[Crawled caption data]
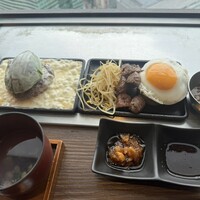 鉄板和食とワイン 萬鉄 - カレーも美味しかった。あい盛りはソースが2種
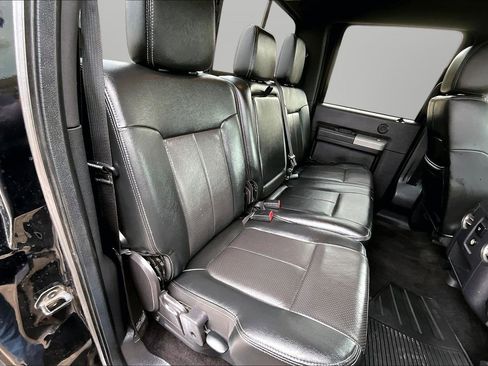 Used 2016 Ford F250 Lariat w/ Lariat Interior Package image 17
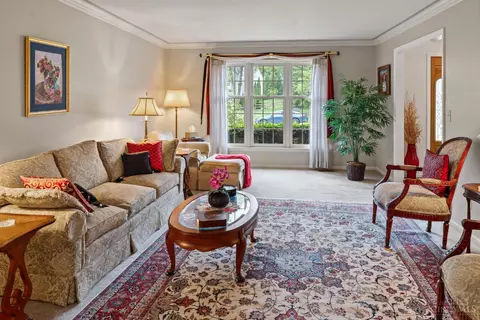 Living - 7976 Ashley View Dr, Cincinnati, OH 45227 photo 2 of 3
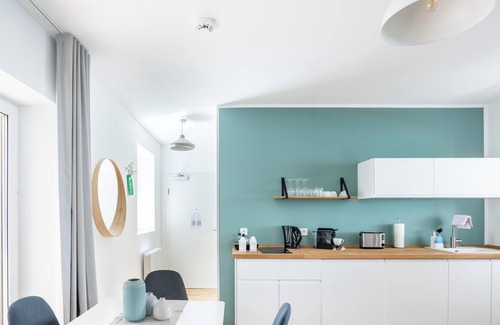 Zentrum-West Apartment | limehome Leipzig Jahnallee | Suite L +balcony (LT)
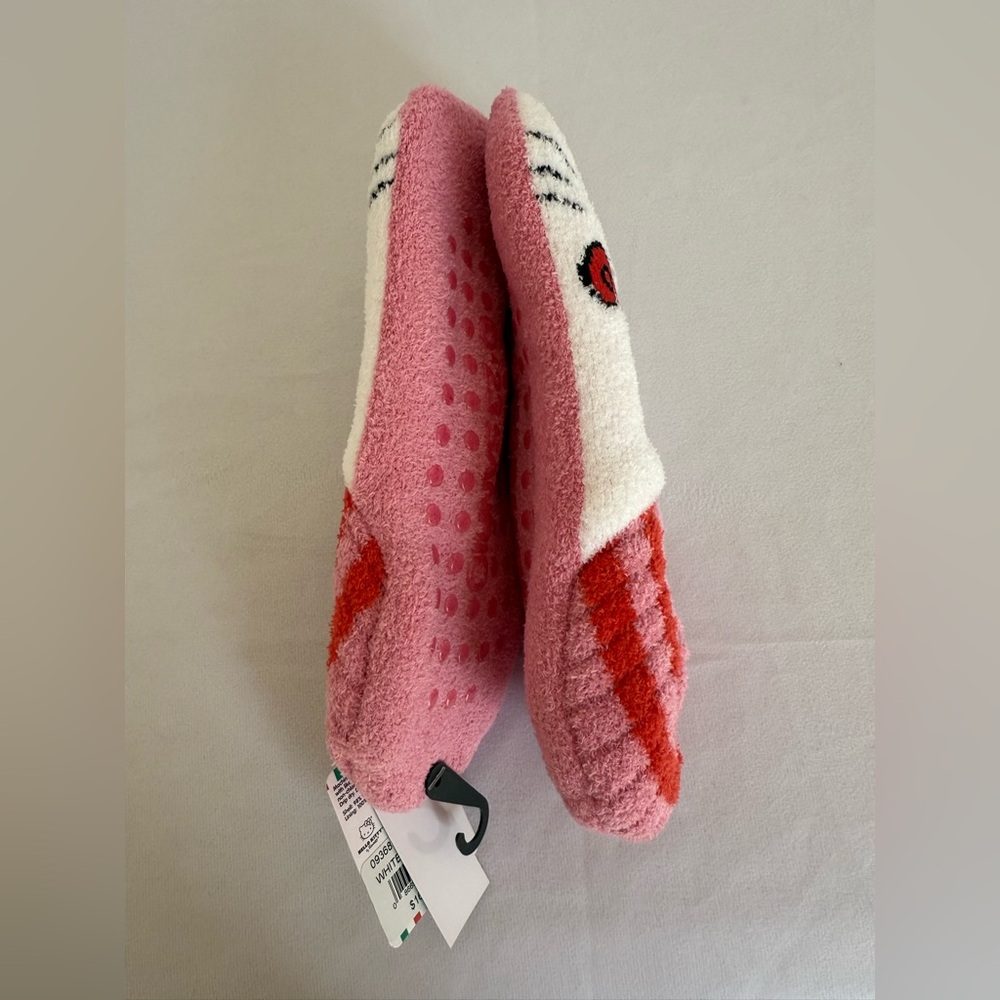 Hello Kitty Slipper Socks - Picture 5 of 5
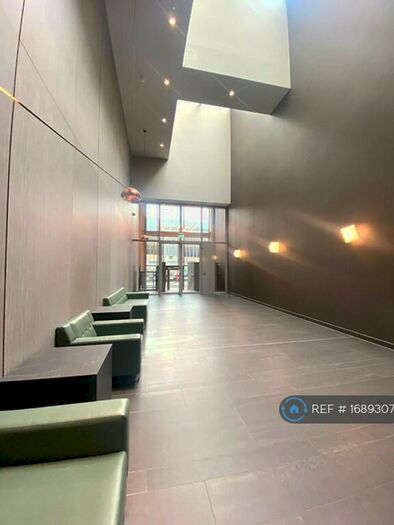 2 Bedroom Flat To Rent In Discovery Tower, London, E16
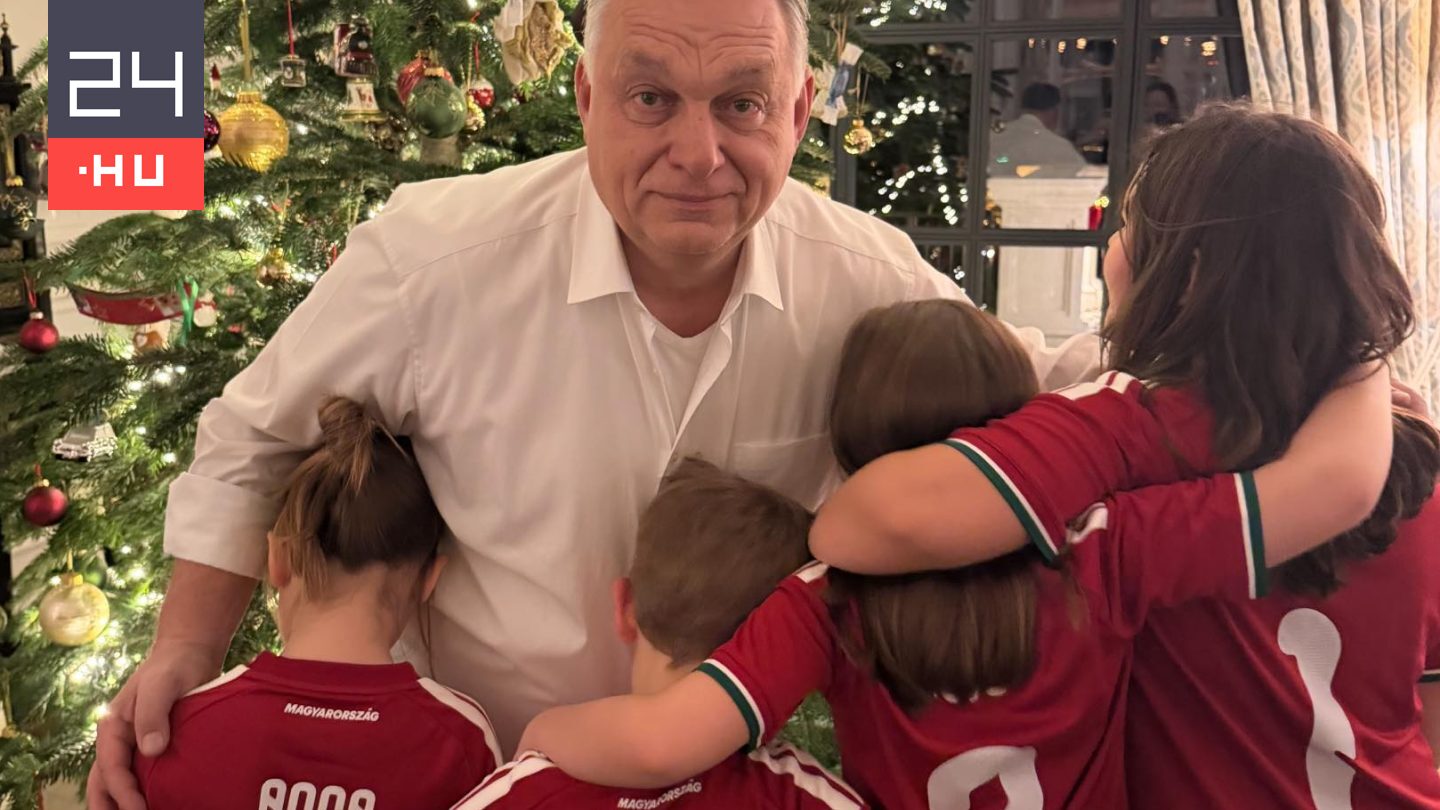 „Alakul a csapat” – Orbán Viktor focimezes unokákkal fotózkodott karácsonykor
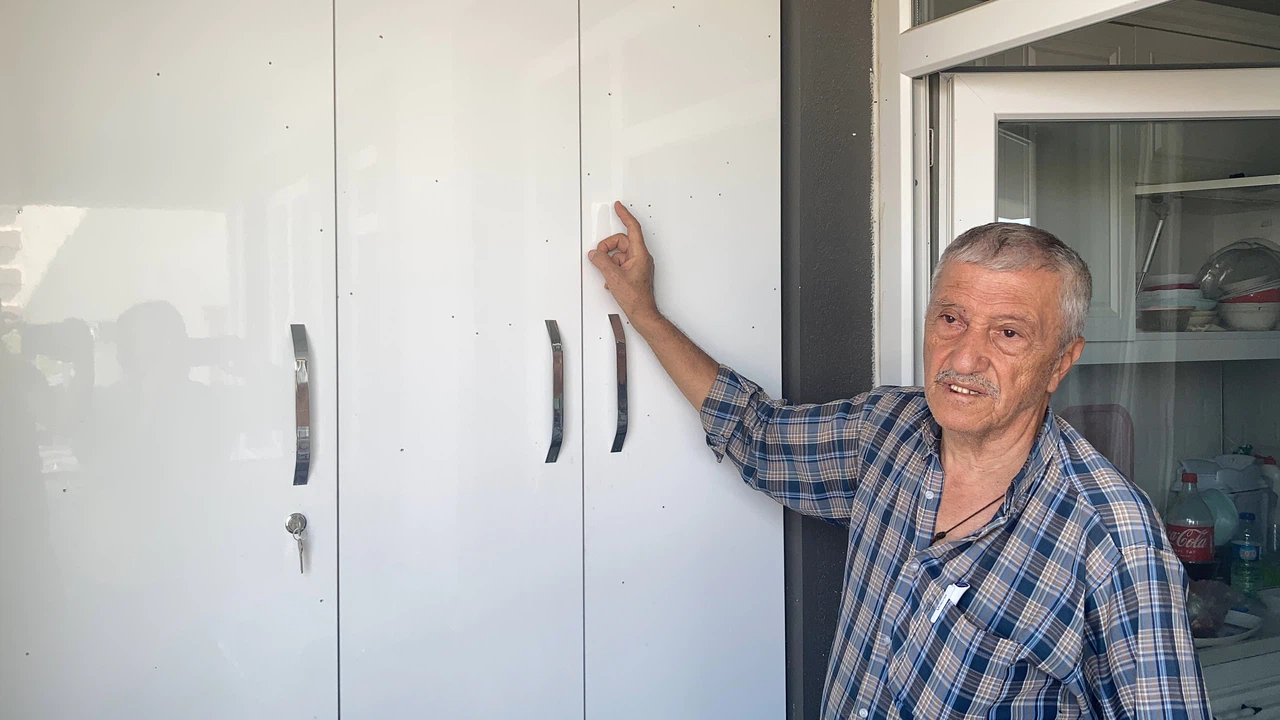 Balkonda otururken gözünden oluyordu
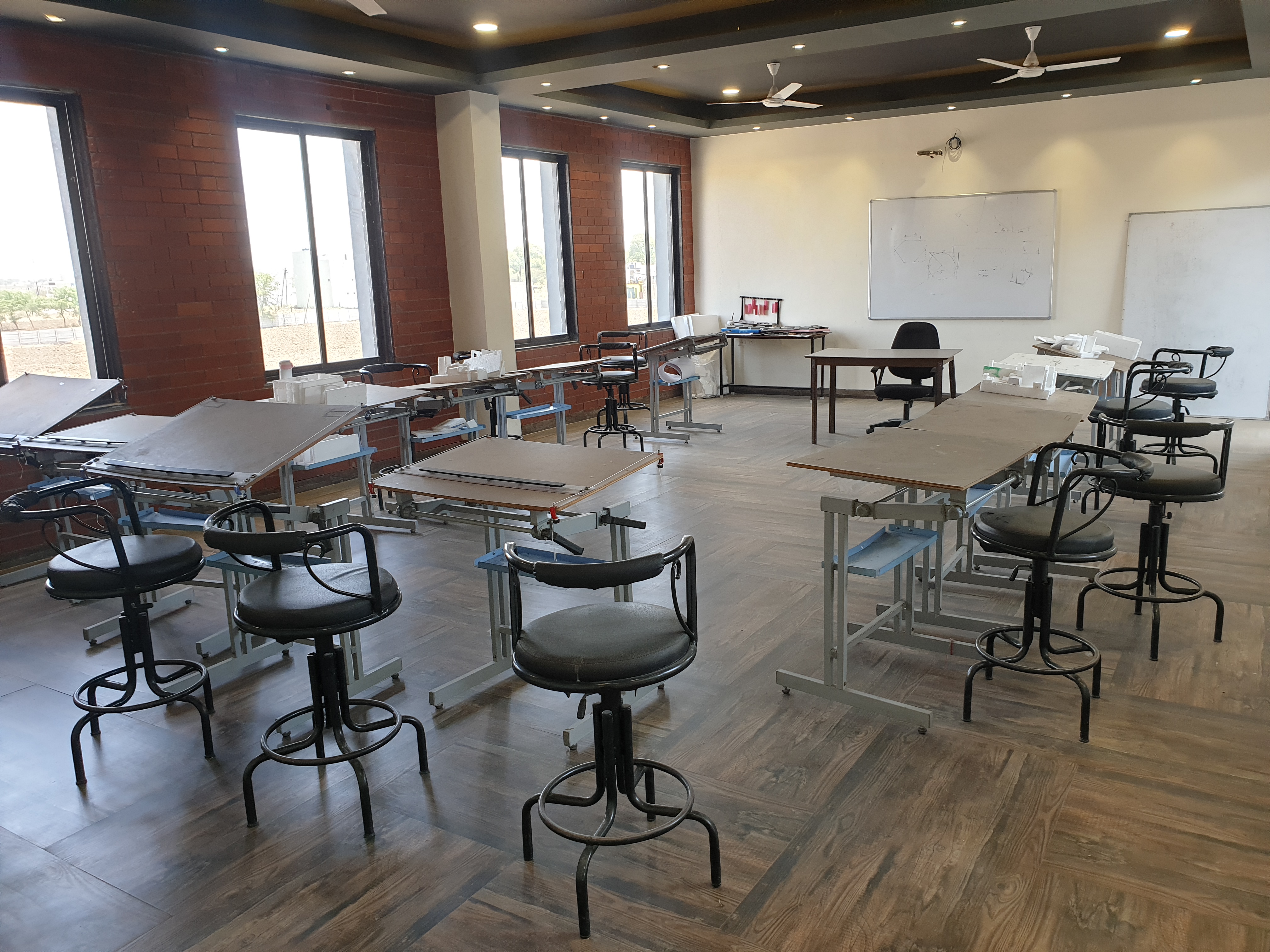 Artemisia College of Art and Design - labs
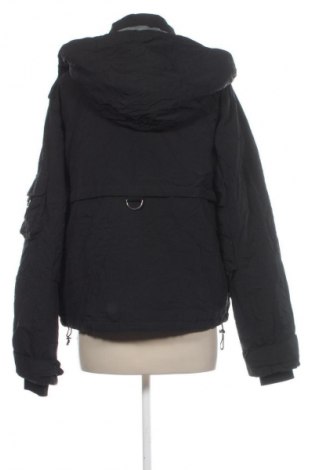Γυναικείο μπουφάν Bershka, Μέγεθος L, Χρώμα Μαύρο, Τιμή 32,99 €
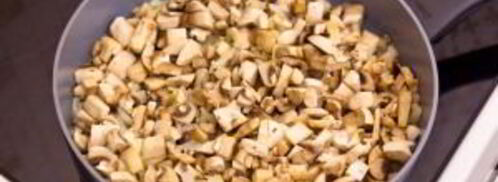 гречка с сосисками и грибами. Шаг 6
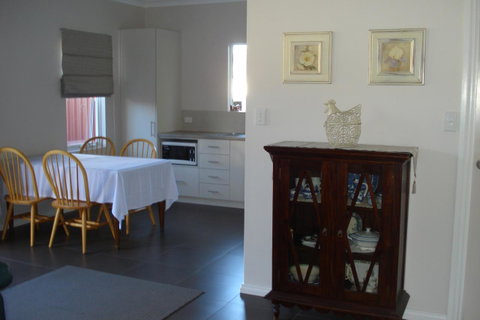 Bluebird Cottage - Surfers Gold Coast 19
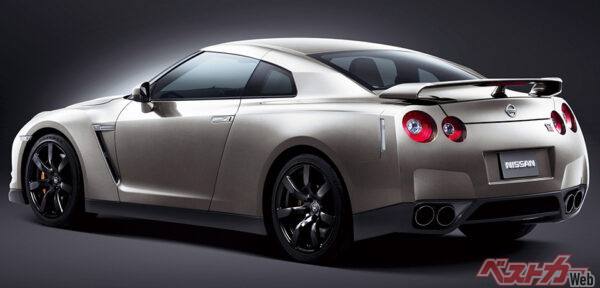 Nissan GT-R Premium edition (2007年)（2007年10月 新型発表時の公式画像より）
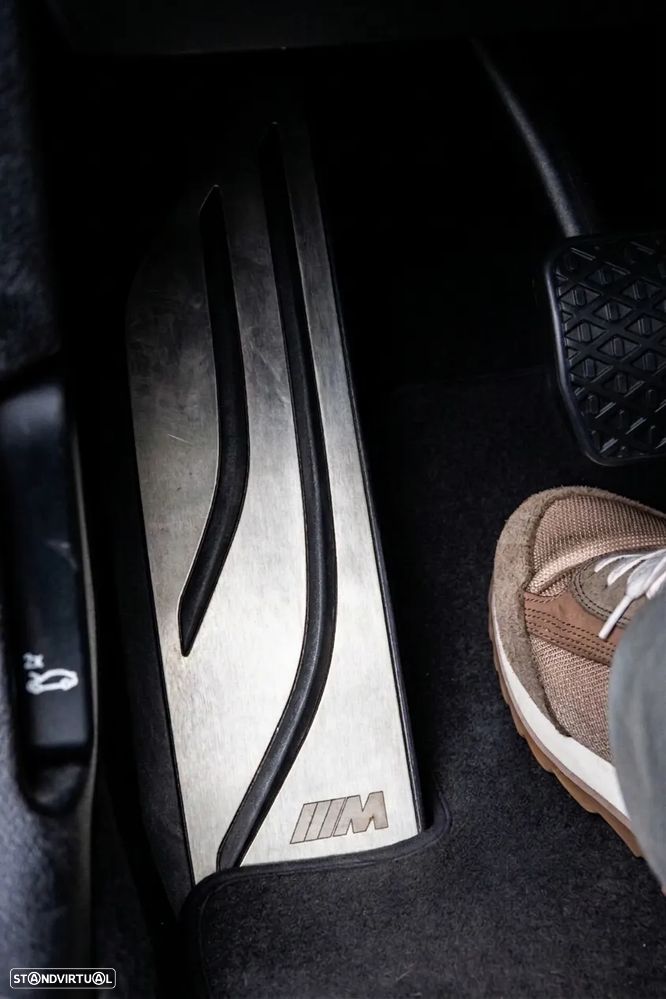 BMW 116 d Pack M - 15
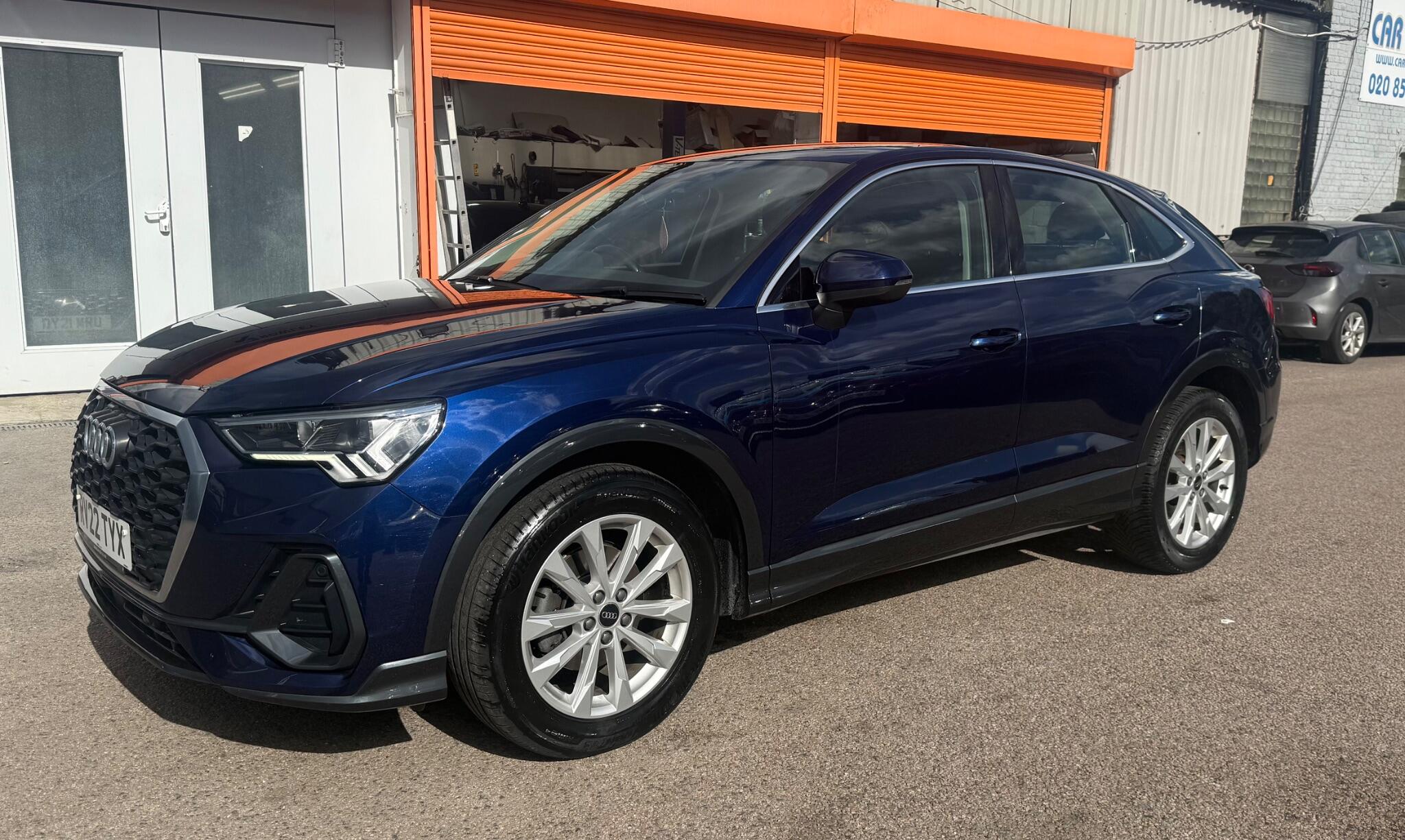 Audi Q3 view 3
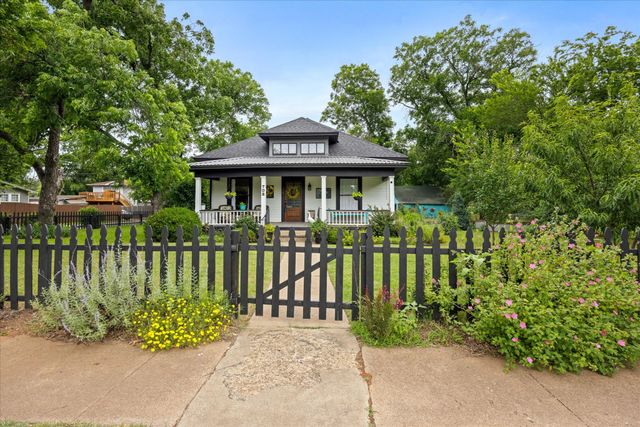 708 N Anglin Street, Cleburne, TX 76031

■ TASK ■
Your reply is the full set of entries reproduced exactly, with images omitted.

■ ANSWER ■
 鉄板和食とワイン 萬鉄 - カレーも美味しかった。あい盛りはソースが2種
 Used 2016 Ford F250 Lariat w/ Lariat Interior Package image 17
 Living - 7976 Ashley View Dr, Cincinnati, OH 45227 photo 2 of 3
 Zentrum-West Apartment | limehome Leipzig Jahnallee | Suite L +balcony (LT)
 Hello Kitty Slipper Socks - Picture 5 of 5
 2 Bedroom Flat To Rent In Discovery Tower, London, E16
 „Alakul a csapat” – Orbán Viktor focimezes unokákkal fotózkodott karácsonykor
 Balkonda otururken gözünden oluyordu
 Artemisia College of Art and Design - labs
Γυναικείο μπουφάν Bershka, Μέγεθος L, Χρώμα Μαύρο, Τιμή 32,99 €
 гречка с сосисками и грибами. Шаг 6
 Bluebird Cottage - Surfers Gold Coast 19
 Nissan GT-R Premium edition (2007年)（2007年10月 新型発表時の公式画像より）
 BMW 116 d Pack M - 15
 Audi Q3 view 3
 708 N Anglin Street, Cleburne, TX 76031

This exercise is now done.